85.As such, service on Mr. Harry can be effected in accordance with Order 54 Rule 3(2) which states that: “Personal service of any document required to be served on the Crown for the purposes of or in connection with any civil proceedings is not requisite; but where the proceedings are by or against the Crown service on the Crown must be effected– (a) by leaving the document at the office of the person who in accordance with section 16 of the Crown Proceedings Ordinance, is the person to be served, or any agent whom that person has nominated for the purpose, but in either case with a member of the staff of that person, or (b) by posting it in a prepaid envelope addressed to the person who is to be served as aforesaid or to any agent as aforesaid.” Section 16 of the Crown Proceedings Act provides that: “All documents required to be served on the Crown for the purpose of, or in connection with, any civil proceedings by or against the Crown, shall be served on the Attorney General.”
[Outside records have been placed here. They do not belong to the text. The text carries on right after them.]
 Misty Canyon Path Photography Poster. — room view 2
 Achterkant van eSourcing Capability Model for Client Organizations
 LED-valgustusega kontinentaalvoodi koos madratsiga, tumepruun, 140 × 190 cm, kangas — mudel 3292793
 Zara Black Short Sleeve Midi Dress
[14]It is worth remembering that the Injunction was granted in proceedings for redress under the Constitution. Service of the Injunction was effected by Marcelle Foyle who deposed that she served a copy of the Injunction, and other documents in the constitutional proceedings, at 3:15 p.m. on the 25th of April at the office of the Commissioner of Police at the Central Police Station, Kingstown, St. Vincent, and at 3:30 p.m. on the said date at the Attorney General’s Chambers, Methodist Building, Kingstown, St. Vincent. This is sufficient to satisfy the requirements of Section 16 of the Crown Proceedings Act and Order 54 Rule 3, and service of the Injunction was therefore effected on the Third Respondent. The efficacy of that service cannot be diminished because the issue arises in committal proceedings. Order 66 Rule 7(2) requiring personal service of the order on the person sought to be committed for contempt must therefore be read in the context of Order 54 Rule 3 and Section 16 of the Crown Proceedings Act when the alleged contemnors are officers of the Crown.
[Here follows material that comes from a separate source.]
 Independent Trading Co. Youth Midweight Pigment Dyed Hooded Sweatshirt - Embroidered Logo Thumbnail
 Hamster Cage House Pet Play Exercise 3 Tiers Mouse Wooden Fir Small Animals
[15]Counsel for the Respondents sought to avoid the consequences of Order 54 Rule 3 and Section 16 by submitting that these provisions relate to service of originating process. I do not agree. The wording of section 16 is clear and there is no reason to limit it to the service of originating process. It relates to “All documents required to be served on the Crown…”
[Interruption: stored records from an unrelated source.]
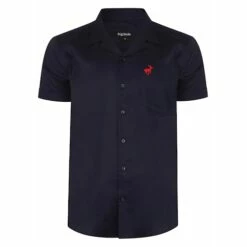Bigdude Relaxed Collar Short Sleeve Shirt Navy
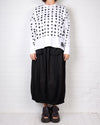 Paper Temples Basic Sweatshirt in White w/ Black Spots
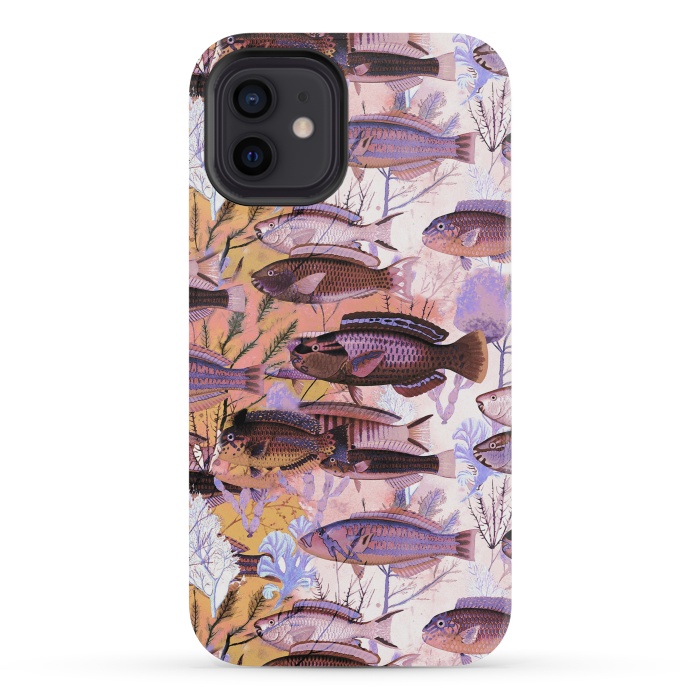 iPhone 12 mini StrongFit Watercolor coral reef by Oana 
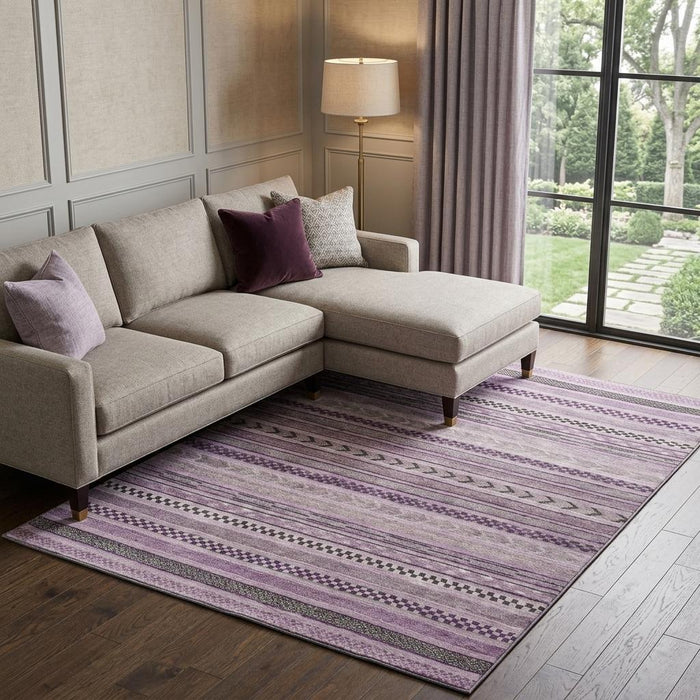 10' X 14' Striped Washable Area Rug With UV Protection (695198) - Plum / Gray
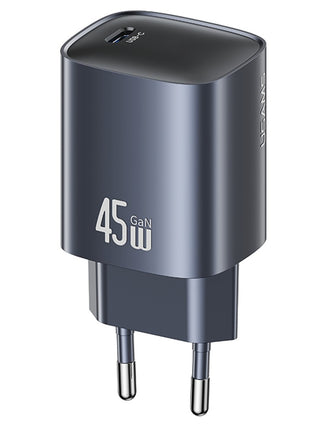 USAMS T66 45W GaN Fast Charger Portable Power Adapter for Phone / Tablet / Laptop, EU Plug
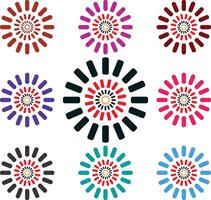 Set of colorful sunburst icons in flat style. Vector illustration.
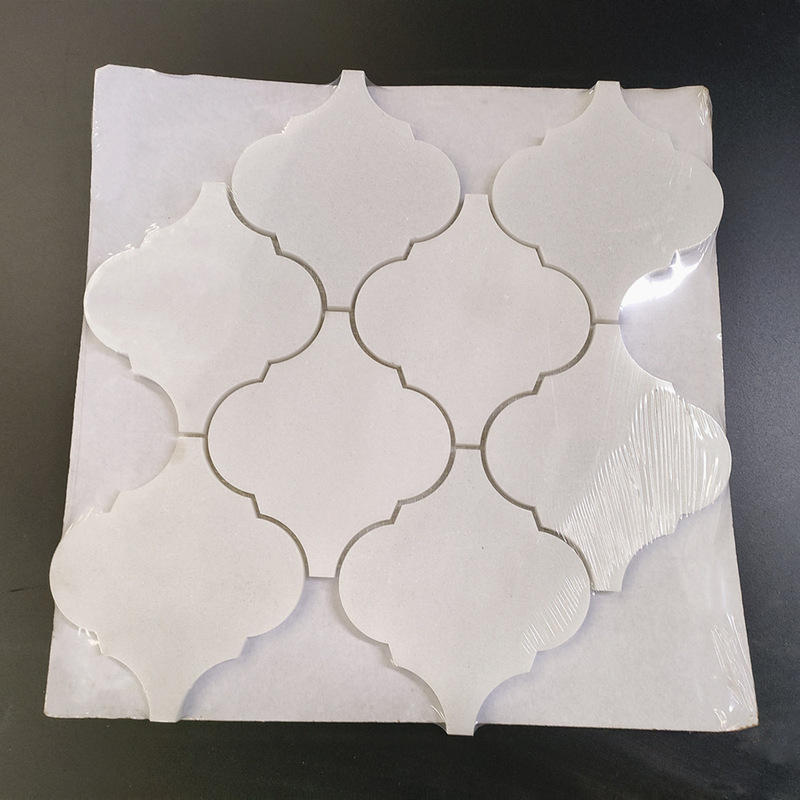 Natural White Marble Lantern-Shaped Mosaic Tiles with Waterjet Technology for Bathroom, Dining Room, and Entryway Walls and Floors Natural White Marble Lantern-Shaped Mosaic Tiles with Waterjet Technology for Bathroom, Dining Room, and Entryway Walls and Floors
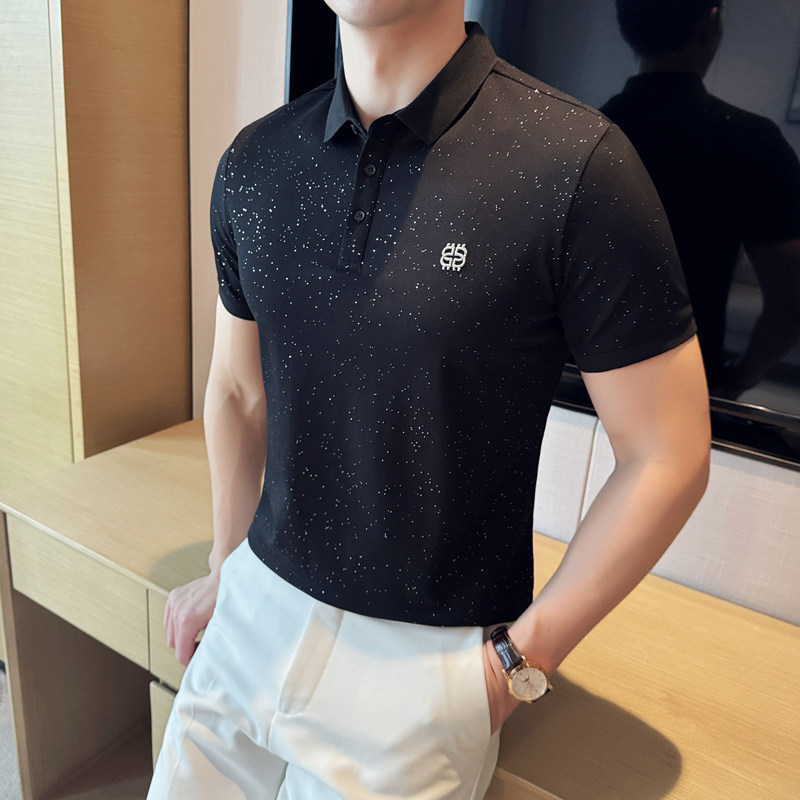 2024夏新潮流时尚都市满天星钻修身短袖POLO衫男打底Q259P60,男装Polo衫,电商A222（原电商A231）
[16]I therefore find that it is not necessary to comply with the requirement for personal service in Order 66 Rule 7(2) with respect to the Third Respondent.
[17]If, contrary to my finding, it is necessary to serve the Third Respondent personally with the Injunction, I am satisfied that the Court has power under Order 66 Rule 7(6) to dispense with such service in appropriate cases. Rule 7(6) provides that: “Without prejudice to its powers under Order 50 rule 4 the Court may dispense with service of a copy of an order under this Rule if it thinks it just to do so” The English equivalent of Rule 7(6) is Order 45 Rule 7(7) which was considered by the Court of Appeal in Davy International Ltd. and others v Tazzyman and others [1997] 3 ALL ER 183. The Court had to reconcile four of its previous decisions, two deciding that Order 45 Rule 7(7) could not be used to dispense with service of the order retrospectively (Lewis v Lewis [1991] 3 All ER 247 and Denman v Temple -1991 unreported), and two deciding that Rule 7(7) had retrospective effect (Turner v Turner (1978) 122SJ 696 and Hill Samuel & Co. Ltd v Littaur – 1985 unreported). The unanimous decision of the Court was that Turner v Turner and Hill Samuel v Lattaur should be followed and the Court has power to dispense with service of the order at any stage up to the trial of the committal proceedings. I agree with and adopt the approach of the Court of Appeal in Davy v Tazzyman and I find that this Court has power to dispense with service of the Injunction retrospectively. In coming to this conclusion I have reviewed the cases cited by Counsel for the Respondents and I am satisfied that this conclusion is not inconsistent with any decision of the Court of Appeal of the OECS. PENAL NOTICE
[18]Order 66 Rule 7(4) provides that “There must be endorsed on the copy of the Order served under this Rule a notice informing the person on whom the copy is served – (a) in the case of service under paragraph (2), that if he neglects to obey the order within the time specified therein, or, if the Order is to abstain from doing an act, that if he disobeys the order, is liable to process of execution to compel him to obey it,” The purpose of the penal notice is to give the Respondent notice of the consequences of disobeying the order. Again the considerations differ in respect of the each Respondent. In the case of the Fourth Respondent where there is no requirement for service, it follows that there cannot be a requirement for service of the Injunction with the penal notice. In the case of the Third Respondent there was service of the Injunction without a penal notice. In 1990 the Court of Appeal in England confirmed that a committal for contempt of court was enforceable in the discretion of the court, notwithstanding that the copy of the order that was served on the contemnor was not endorsed with a penal notice as required by Order 45 Rule 7(4) (our Rule 7(3): Sofroniou v Szigetti Times Law Reports September 19, 1990. I agree with and follow this decision, especially having regard to my finding that this Court has a discretion to dispense with service of the Injunction on a principal offender. CONCLUSION
[19]The issues relating to the Court’s powers to dispense with service of the Injunction and the penal notice are best left to be resolved at the trial of the Committal Motion where the Judge will be able to review the evidence in its entirety, properly tested by crossexamination. It is enough for me to say at this stage that the failure to serve the Fourth Respondent, and to serve the Third Respondent personally with a copy of the Injunction endorsed with the penal notice, are not fatal to the Committal Motion, and having found that the Injunction is clear and unambiguous, the Preliminary Motion is dismissed with costs to the Applicant certified fit for two counsel Paul Webster High Court Judge (Ag.)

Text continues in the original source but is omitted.